# [Work to be completed]
Your answer must be the full listing, reproduced exactly, minus any pictures.

# [Information provided]
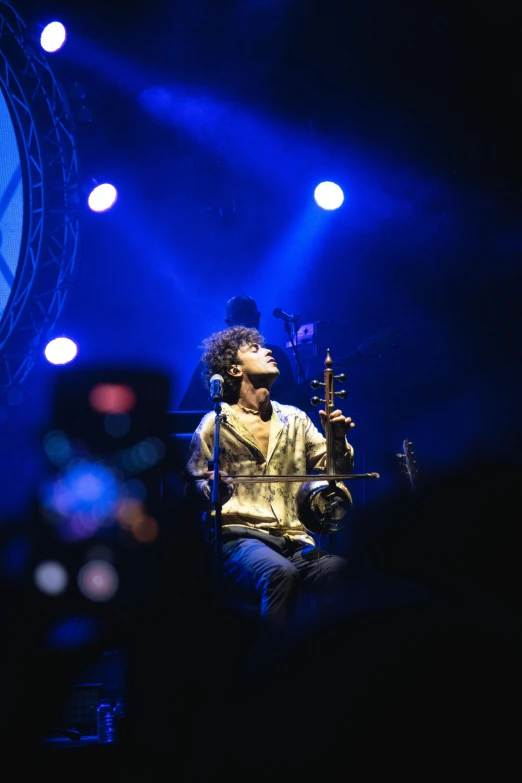 the musician sits in front of blue and white lights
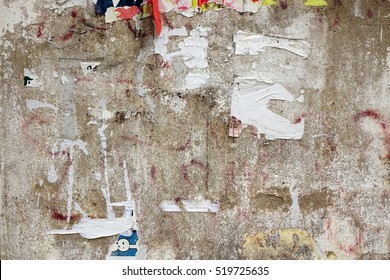 Old Urban Billboard With Torn Peeled Poster Abstract Horizontal Background. Outdoor Bulletin Board Or Plywood Panel With Worn Advertising Message, Notice And Stickers Street Texture. Creative Surface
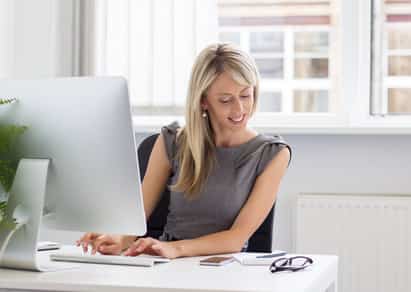 Candid portrait of young creative woman working with computer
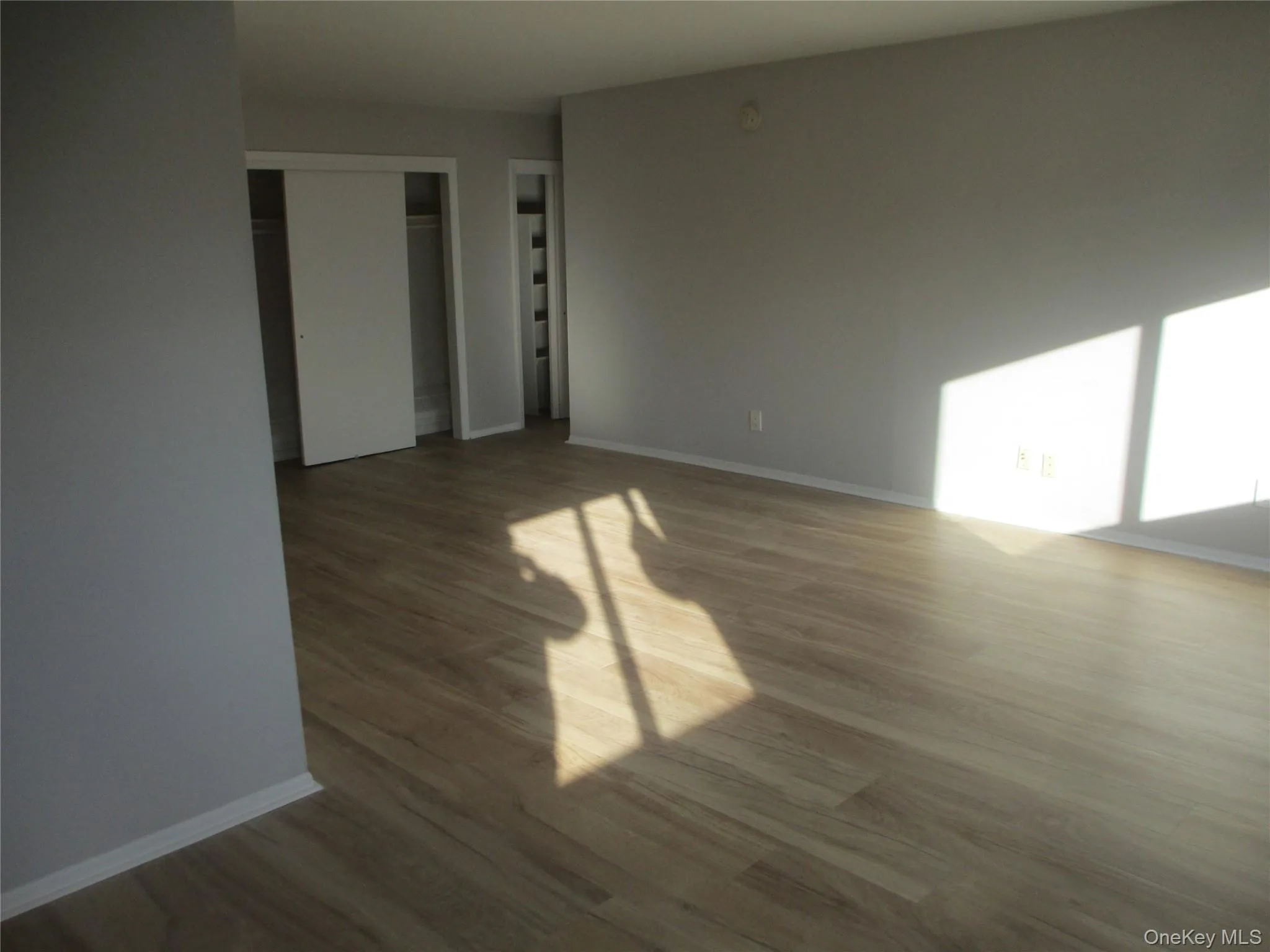 Unfurnished room with wood finished floors and baseboards Unfurnished room with wood finished floors and baseboards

# [Result for this task]
 the musician sits in front of blue and white lights
 Old Urban Billboard With Torn Peeled Poster Abstract Horizontal Background. Outdoor Bulletin Board Or Plywood Panel With Worn Advertising Message, Notice And Stickers Street Texture. Creative Surface
 Candid portrait of young creative woman working with computer
 Unfurnished room with wood finished floors and baseboards Unfurnished room with wood finished floors and baseboards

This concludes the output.